Last August, the final phase of its five-year restoration began thanks to a National Park Service $4 million American Recovery and Reinvestment Act grant to build an elevator stair tower for access; replace electrical, heating, cooling and fire suppression systems; repair interior finishes and recreate lighting fixtures and pews to more accurately reflect the historic period.
"These improvements will allow the National Park Service and Museum of African American History to engage visitors within the very walls where the giants of the abolitionist movement made history," said Cassius Cash, superintendent of BOAF.

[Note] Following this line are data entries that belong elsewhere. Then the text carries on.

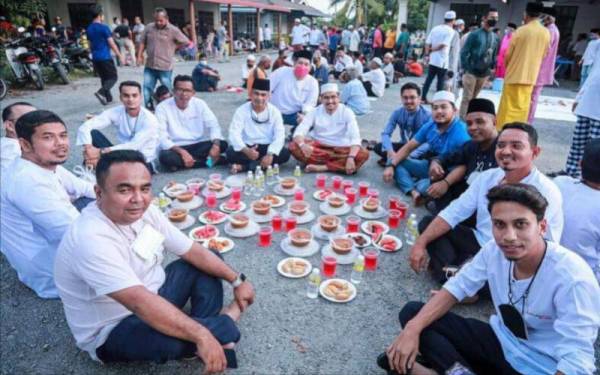 Asyraf Wajdi (enam dari kanan) duduk bersila di atas jalan tar sempena Iftar Ramadan anjuran Pemuda UMNO Kubang Pasu, yang menjadi amalan tradisi penduduk di Kampung Padang Gelam, Jitra pada Jumaat.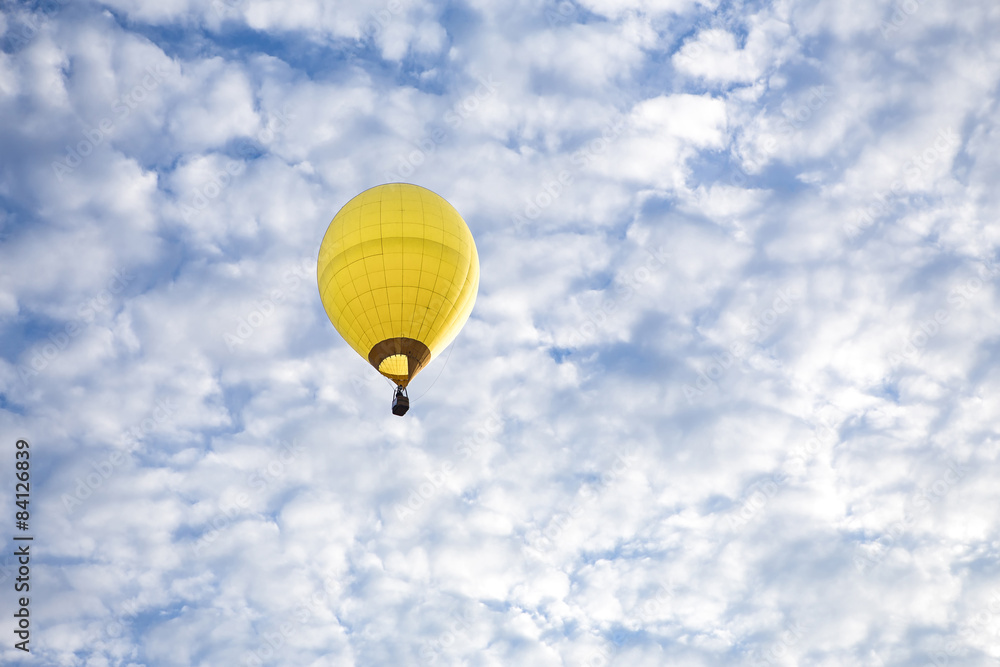 Obraz premium A Yellow Hot Air Balloon floats high in the sky. 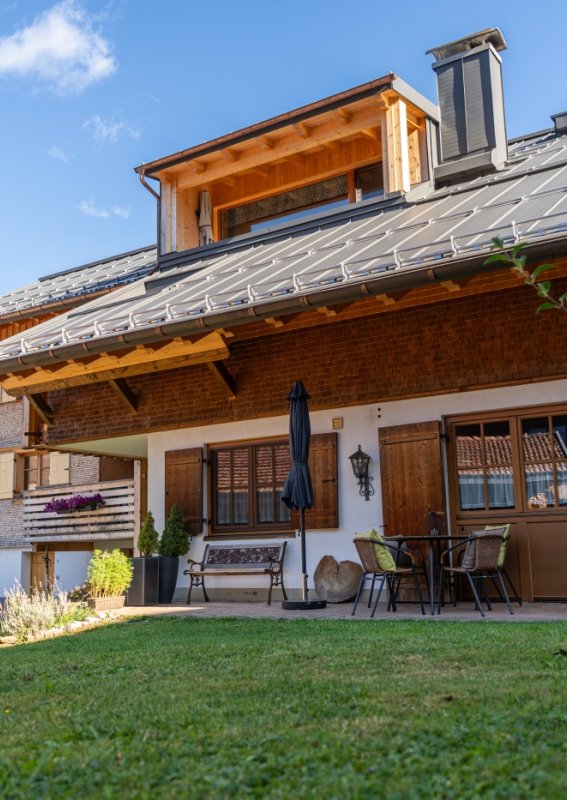 Bergheimat Ferienwohnungen – Haus mit Terrasse bei Sonnenschein Die Bergheimat Ferienwohnungen in Obermaiselstein-Ried an einem sonnigen Tag: Terrasse mit Gartenmöbeln, Rasen und blauer Himmel über dem Allgäu.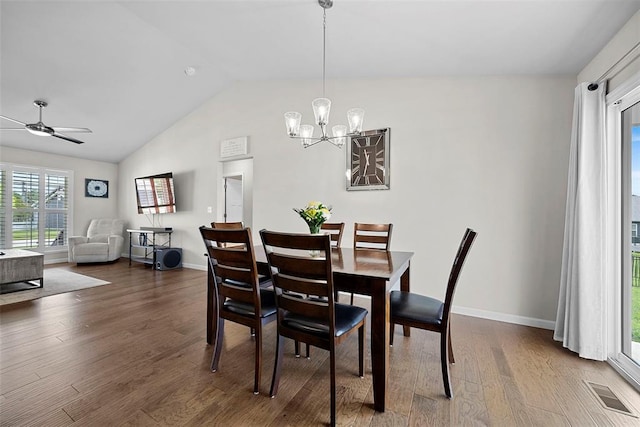 217 Arlington Dr, Moscow Mills, MO 63362 - dining space featuring a chandelier, wood finished floors, vaulted ceiling, a ceiling fan, and baseboards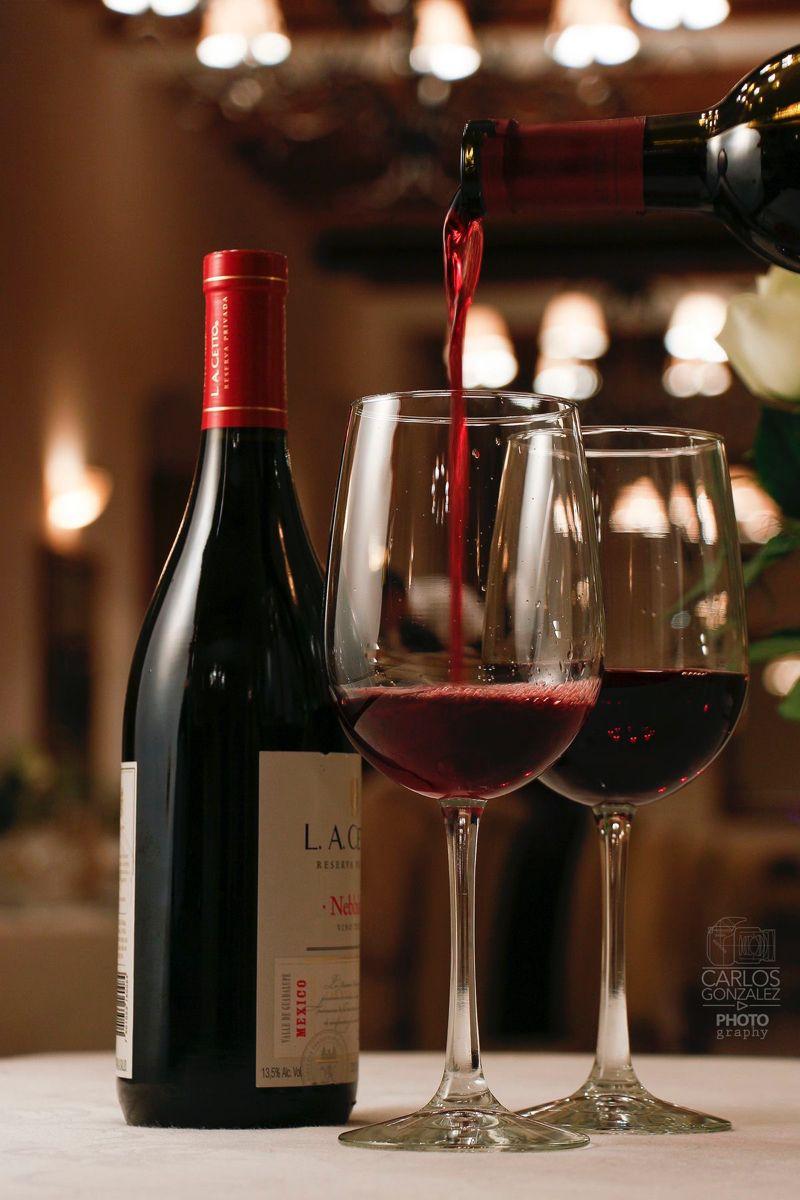 Two glasses of red wine next to a bottle of wine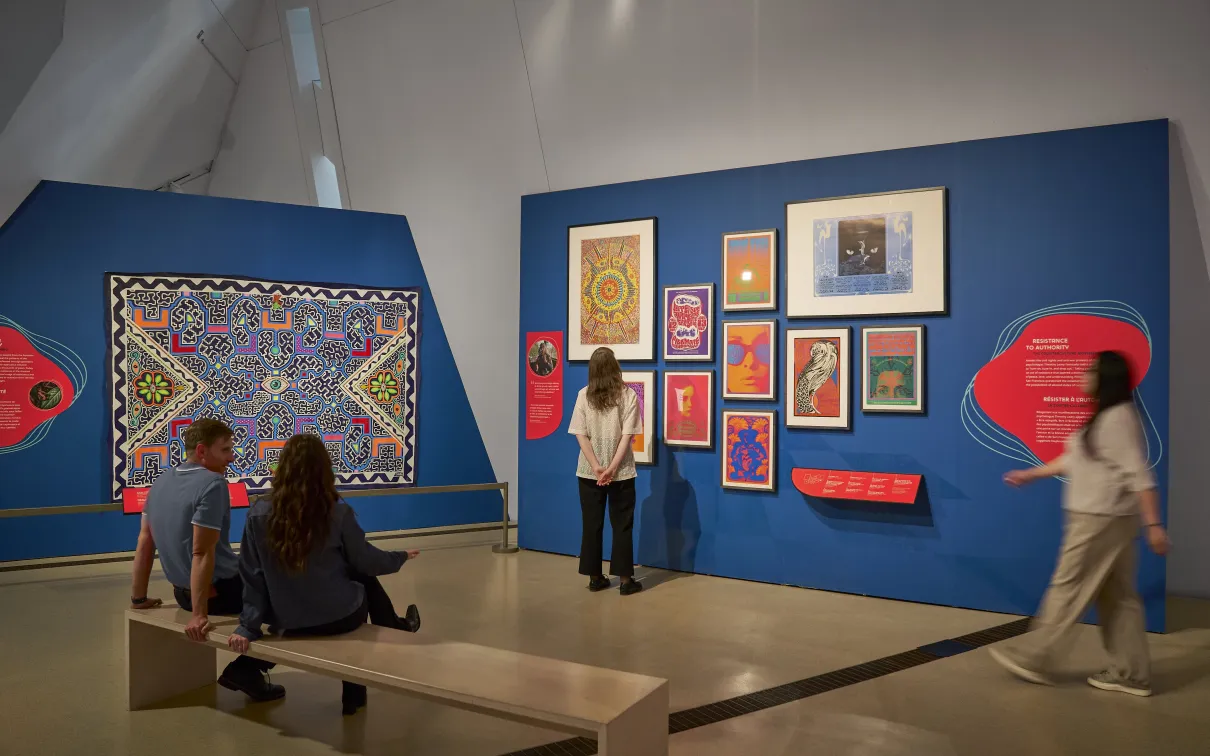 image of four people inside exhibition space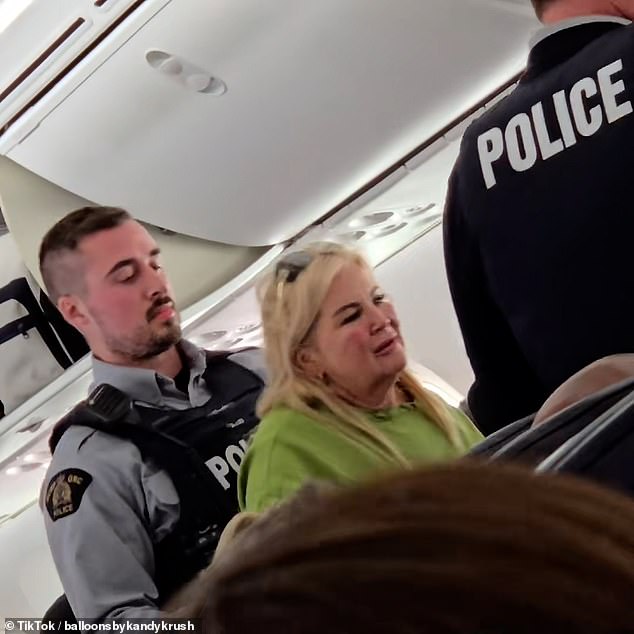 Two officers are seen guiding the older woman down the aisle as she screamed and yelled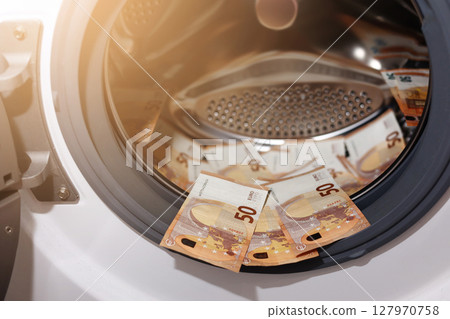 Euro money banknotes in washing machine - illegal cash 50 and mafia money laundering - tax evasion in Europe inflation and impairment. money laundering concept - euro banknotes in washing mashine 127970758
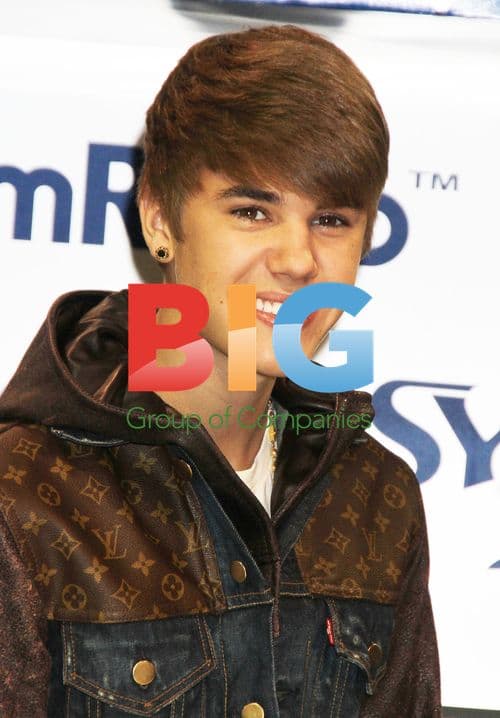 Justin Bieber at CES with Robots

"The African Meeting House is where the luminaries of the abolitionist movement gathered to end slavery in the nation," said Beverly Morgan-Welch, executive director of MAAH. "We're delighted to have the opportunity to return this hallowed space to its former glory."
Construction is set to be completed this summer. Currently, MAAH and BOAF are working together to prepare for the African Meeting House to re-open in December 2011.
Since 1806, the African Meeting House has stood as a tangible symbol of the ideals of freedom and democracy embodied by the men and women, blacks and whites who gathered there to learn, to pray and to speak out against injustices.